Liquid Silver Books, $6.20, ISBN 978-1-59578-360-8
Contemporary Romance, 2007
Addie Alger is living out her personal Cinderella melodrama of sorts. Our divorced heroine is trying to turn the family-run inn, the Grail, into something resembling its former glory, but it is not easy since only Addie’s mother and Addie’s sister Mel seemed to have a sensible head and both women had passed away for some time when this story begins. The fact that the inn is located in an “impossibly dry land near the Mexican border” doesn’t make things any easier for poor Addie. Addie used to be a fast and wild person partying away until her ex-husband’s debts forced her to grow up. Her father is always coming up with crazy inventions that won’t work while her brother-in-law Manu is still mourning for Mel even four years later.
Finally, she comes up with an idea that ends up working very well. Starting a website called Your Alibi, she offers clients a most convenient service. If these clients want to say that they are lodging at the Grail on some innocent business trip instead of, oh, going away to somewhere else with someone other than the person they are currently in a relationship with for an illicit rendezvous, she’ll back up their stories in exchange for a fee. It is working well… until journalist Sean Duncan shows up to check up on whether his wife of fifteen years was really staying at the Grail like she claimed to be.
Don’t cringe, people. Sean has realized for some time now that his marriage is over and he shows up at the Grail hoping to get some ammunition to begin dissolving the marriage. Addie is on to Sean the moment he rather foolishly checks in using his real name so she’s not sure what she is going to do with this man. She is worried about her cover being blown, so she tries to distract him with her “feminine wiles” and hopes for the best. As for Sean, he feels very certain that his wife lied about the nature of her “business trips” the moment he shows up at the Grail, but he’s more interested at that moment in spending some time away from his work (which hasn’t been going too well lately) and knowing the eccentric denizens of the Grail better.
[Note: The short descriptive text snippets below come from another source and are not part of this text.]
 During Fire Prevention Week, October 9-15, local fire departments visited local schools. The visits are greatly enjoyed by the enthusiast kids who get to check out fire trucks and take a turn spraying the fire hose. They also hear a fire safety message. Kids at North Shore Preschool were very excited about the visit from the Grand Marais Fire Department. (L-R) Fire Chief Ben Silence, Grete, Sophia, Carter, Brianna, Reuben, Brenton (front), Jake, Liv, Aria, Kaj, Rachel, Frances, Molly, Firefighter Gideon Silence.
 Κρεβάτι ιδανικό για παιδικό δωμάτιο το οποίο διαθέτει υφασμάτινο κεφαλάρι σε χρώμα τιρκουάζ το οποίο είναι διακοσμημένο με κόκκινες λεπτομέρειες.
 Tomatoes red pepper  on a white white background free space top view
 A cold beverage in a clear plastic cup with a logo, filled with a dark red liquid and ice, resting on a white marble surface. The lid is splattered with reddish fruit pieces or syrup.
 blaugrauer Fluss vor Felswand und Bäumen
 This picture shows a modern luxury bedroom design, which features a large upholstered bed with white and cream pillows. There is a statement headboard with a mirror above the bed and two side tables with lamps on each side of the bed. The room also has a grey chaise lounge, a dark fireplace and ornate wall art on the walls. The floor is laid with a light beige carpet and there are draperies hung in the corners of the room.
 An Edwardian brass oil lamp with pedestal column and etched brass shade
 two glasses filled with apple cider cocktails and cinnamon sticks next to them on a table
Your Alibi is not a romantic suspense story despite what the title may suggest. The story takes place over a week, which is probably too soon for any genuine romance to take place under any other circumstances. I’m not sure about whether it’s love or lust between Sean and Addie, but Ms Dean is not rushing her characters into a marriage and three kids by the last page so I’m not too bothered by this. It also helps that Sean and Addie have plenty of fun chemistry – they seem to genuinely enjoy each other’s company when they are not having sex so it is easy to believe that these two will be alright in the long run.
Sean is a nice hero – he doesn’t have any dramatic issues, he comes off like an ordinary guy. Addie on the other hand is a refreshing change from the usual heroines out there because she likes sex. Her favorite junk food is Ding-dongs, which says everything, really. No, she’s not some some exaggerated female version of the male rake having a harem of toy boys all over the place. Instead, Ms Dean portrays Addie as someone who enjoys having sex and isn’t afraid to have sex with the right guy. She has no issues about socializing with the opposite sex despite her failed marriage. I like this. Sean’s the same too: he is smart enough to know that any problems in his marriage do not necessarily translate to some All Women are Whores thing. I also like how Ms Dean gives Sean’s wife some depths and allows her to leave the story with her dignity intact. There are no evil cartoon whores here, in fact, there is a most reasonable explanation as to why a woman would want to leave an apparent perfect guy like Sean.
While I really enjoy the interactions between Sean and Addie, there are some scenes, such as the one of Addie and her buddy paying Addie’s ex-husband a surprise visit, that come off like padding. In fact, I feel that Ms Dean made a miscalculation when she has Sean and Addie reveal their secrets to each other at about halfway into the story. While I’m happy that Sean and Addie behave like reasonable people and Sean doesn’t judge Addie, this understanding between the two characters dissipate any hint of genuine tension between the main characters. Ms Dean adds in things like what happens when someone they know utilizes the services of Your Alibi but these scenes feel like filler.
Things only become interesting again when Sean’s wife shows up, and then things peter out again for a few more chapters until the two characters kiss and bring the story to a happy ending. The story ends up being much longer than it should be, with many moments in the second half that don’t add much to the overall story. I also wish the author has developed some intriguing aspects of the story that she only skimmed the surface of, such as the circumstances leading up to Mel’s death. And while I like the main characters, I must confess that by the end of Your Alibi I still don’t feel as if I know them. They are nice people, but with Addie especially, I feel as if I only get small fragmented pieces of their past from the author instead of the whole picture.
I can’t say I’m too impressed with this author’s romance debut, but Your Alibi is good enough to convince me that she and me will probably get along very well if she keeps doing what she is doing. Some readers will not appreciate the heroine or the fact that the hero is still married when he embarks on his affair with Addie, but I personally find this book a fun and enjoyable romantic comedy.